From Hippalos, son of Archis, farmer of public land inhabitant of the village of Euemeria in the division of Themistes. On the 6th of Tubi (1 January), as my wife Aplounous and her mother Thermis (were bathing?), Eudemonis, daughter of Protarchos, Etthutais, daughter of Pees, Dius, son of Ammonios, and Heraclous attacked them and gave my wife Aplounous and her mother in the bath of the village many blows all over the body, so that she is laid up in bed, and in the struggle she lost a golden ear-ring weighing three quarters, a bracelet of unstamped metal weighing sixteen drachmae, and a bronze bowl worth twelve drachmae, and Thermis her mother lost a golden ear-ring weighing two and a half quarters, and … (here the text stops)

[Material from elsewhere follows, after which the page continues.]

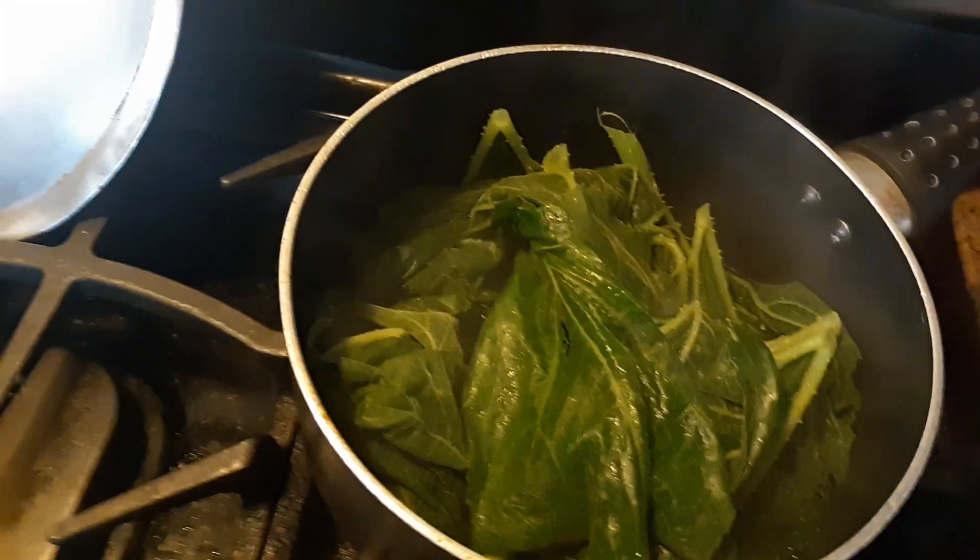I like to cook my greens separately — zucchini or squash leaves — and boil them. I probably should add more water. I have to use this one pot because the other one's gone; they thought it was theirs.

The three papyri here discussed belong to a larger group of petitions, all dated to the first half of the first century AD, acquired on the antiquity market by B.P. Grenfell and A.S. Hunt and then assigned to the John Rylands Library. The documents (P.Ryl. 124-152) were published in the second volume of the Catalogue of the Greek Papyri in the John Rylands Library at Manchester (1915). Few other papyri belonging to the same lot are now dispersed in other collection. These petitions concern people from the village of Euemeria (Fayum), but are addressed to the head of the police or other officers in the nome capital, Arsinoe. Through them we can observe the early Roman administration at work in Egypt. The distance between the two localities was of about 40 km. The first petition here reported reveals details of the process. It was endorsed and addressed on the verso to the archephodos in Euemeria, therefore it seems reasonable to think that the document was written in or sent to the capital of the nome, Arsinoe, presented successfully to the head of the police there, and then sent back to the village police authority in order to bring the people involved to the capital.
If you want to know more about petitions in Roman Egypt I recommend B. Kelly, Petitions, Litigation and Social Control in Roman Egypt, Oxford 2011.
 The head of the gymnasium. The gymnasium was a cultural and educative institution where boys were admitted at the age of fourteen. It was also a center for the promotion of the Greek culture, and a sort of a gentlemen club. The gymnasium had a political dimension since only the Hellenised elite was admitted in.